Write a removeDuplicates() function that takes a list and deletes any duplicate nodes from the list. The list is not sorted. 
For example if the linked list is 12->11->12->21->41->43->21 then removeDuplicates() should convert the list to 12->11->21->41->43.

METHOD 1 (Using two loops): 
This is the simple way where two loops are used. Outer loop is used to pick the elements one by one and the inner loop compares the picked element with the rest of the elements. 
Thanks to Gaurav Saxena for his help in writing this code.

Python3




# Python3 program to remove duplicates
# from unsorted linked list
class Node():    
    def __init__(self, data):        
        self.data = data
        self.next = None
  
class LinkedList():    
    def __init__(self):
          
        # Head of list
        self.head = None
  
    def remove_duplicates(self):        
        ptr1 = None
        ptr2 = None
        dup = None
        ptr1 = self.head
  
        # Pick elements one by one
        while (ptr1 != None and 
               ptr1.next != None):
              
            ptr2 = ptr1
  
            # Compare the picked element with 
            # rest of the elements
            while (ptr2.next != None):
                  
                # If duplicate then delete it
                if (ptr1.data == ptr2.next.data):
                      
                    # Sequence of steps is important here
                    dup = ptr2.next
                    ptr2.next = ptr2.next.next
                else:
                    ptr2 = ptr2.next
                      
            ptr1 = ptr1.next
              
    # Function to print nodes in a 
    # given linked list 
    def printList(self):
        temp = self.head
          
        while(temp != None):
            print(temp.data, end = " ")
            temp = temp.next
              
        print()
          
# Driver code
list = LinkedList()
list.head = Node(10)
list.head.next = Node(12)
list.head.next.next = Node(11)
list.head.next.next.next = Node(11)
list.head.next.next.next.next = Node(12)
list.head.next.next.next.next.next = Node(11)
list.head.next.next.next.next.next.next = Node(10)
  
print("Linked List before removing duplicates :")
list.printList()
list.remove_duplicates()
print()
print("Linked List after removing duplicates :")
list.printList()
# This code is contributed by maheshwaripiyush9


Output: 

Linked list before removing duplicates:
10 12 11 11 12 11 10 
Linked list after removing duplicates:
10 12 11

Time Complexity: O(n^2)

METHOD 2 (Use Sorting): 
In general, Merge Sort is the best-suited sorting algorithm for sorting linked lists efficiently. 
1) Sort the elements using Merge Sort.
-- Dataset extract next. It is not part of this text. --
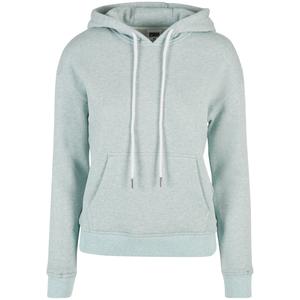 tb4097-04034-sweatshirt-a-capuche-femme-urban-classics-gris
We will soon be writing a post about sorting a linked list. O(nLogn) 
2) Remove duplicates in linear time using the algorithm for removing duplicates in sorted Linked List. O(n) 
Please note that this method doesn’t preserve the original order of elements.
Time Complexity: O(nLogn)

METHOD 3 (Use Hashing): 
We traverse the link list from head to end. For every newly encountered element, we check whether it is in the hash table: if yes, we remove it; otherwise we put it in the hash table.

Python3




# Python3 program to remove duplicates 
# from unsorted linkedlist 
class Node:    
    def __init__(self, data):        
        self.data = data
        self.next = None
  
class LinkedList:    
    def __init__(self):        
        self.head = None
          
    # Function to print nodes in a  
    # given linked list 
    def printlist(self):        
        temp = self.head
          
        while (temp):
            print(temp.data, end = " ")
            temp = temp.next
              
    # Function to remove duplicates from a 
    # unsorted linked list 
    def removeDuplicates(self, head):
          
        # Base case of empty list or 
        # list with only one element
        if self.head is None or self.head.next is None:
            return head
              
        # Hash to store seen values 
        hash = set()  
  
        current = head
        hash.add(self.head.data)
  
        while current.next is not None:
            if current.next.data in hash:
                current.next = current.next.next
            else:
                hash.add(current.next.data)
                current = current.next
  
        return head
  
# Driver code 
if __name__ == "__main__":
      
    # Creating Empty list
    llist = LinkedList()
    llist.head = Node(10)
    second = Node(12)
    third = Node(11)
    fourth = Node(11)
    fifth = Node(12)
    sixth = Node(11)
    seventh = Node(10)
      
    # Connecting second and third
    llist.head.next = second
    second.next = third
    third.next = fourth
    fourth.next = fifth
    fifth.next = sixth
    sixth.next = seventh
  
    # Printing data
    print("Linked List before removing Duplicates.")
    llist.printlist()
    llist.removeDuplicates(llist.head)
    print("Linked List after removing duplicates.")
    llist.printlist()
# This code is contributed by rajataro0


Output: 

Linked list before removing duplicates:
10 12 11 11 12 11 10 
Linked list after removing duplicates:
10 12 11

Thanks to bearwang for suggesting this method.
Time Complexity: O(n) on average (assuming that hash table access time is O(1) on average).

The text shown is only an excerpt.